Data segment:
══════════════════════════════

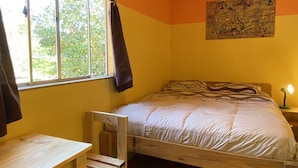 A room with a wooden bed, a desk, and a window with curtains. - Willhouse Hostel (Pucón)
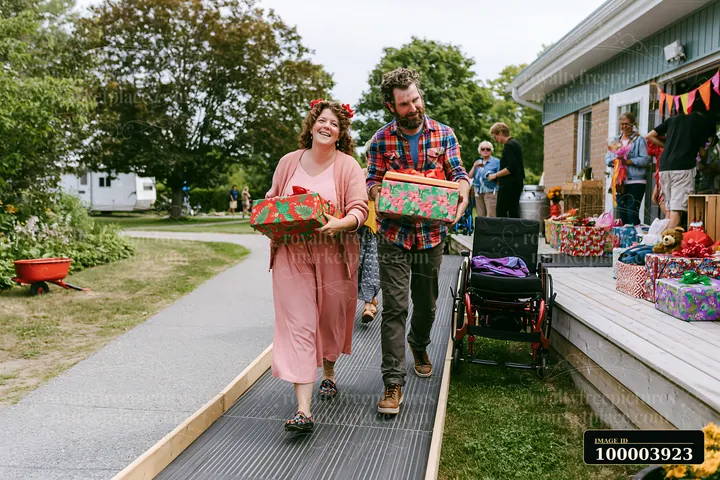 A woman and a man carry decorated gift boxes while walking on a path outside a building.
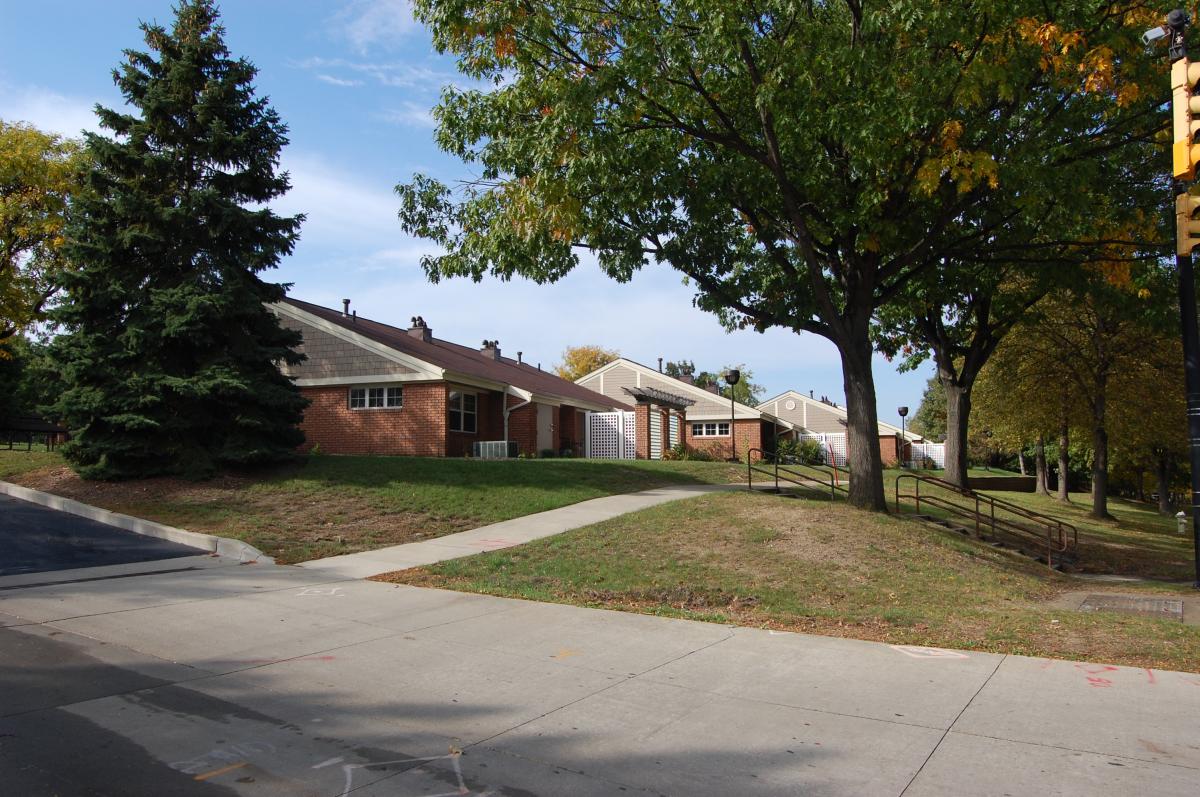 Single-story brick buildings with sloped roofs and chimneys sit beside a sidewalk and a sloped grassy area, bordered by trees and a paved street under a blue sky.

══════════════════════════════

Your goal: From the line that contains "A woman and" through the last line of the listing, copy each line exactly; both end lines stay in, and pictures stay out.

Answer:
 A woman and a man carry decorated gift boxes while walking on a path outside a building.
 Single-story brick buildings with sloped roofs and chimneys sit beside a sidewalk and a sloped grassy area, bordered by trees and a paved street under a blue sky.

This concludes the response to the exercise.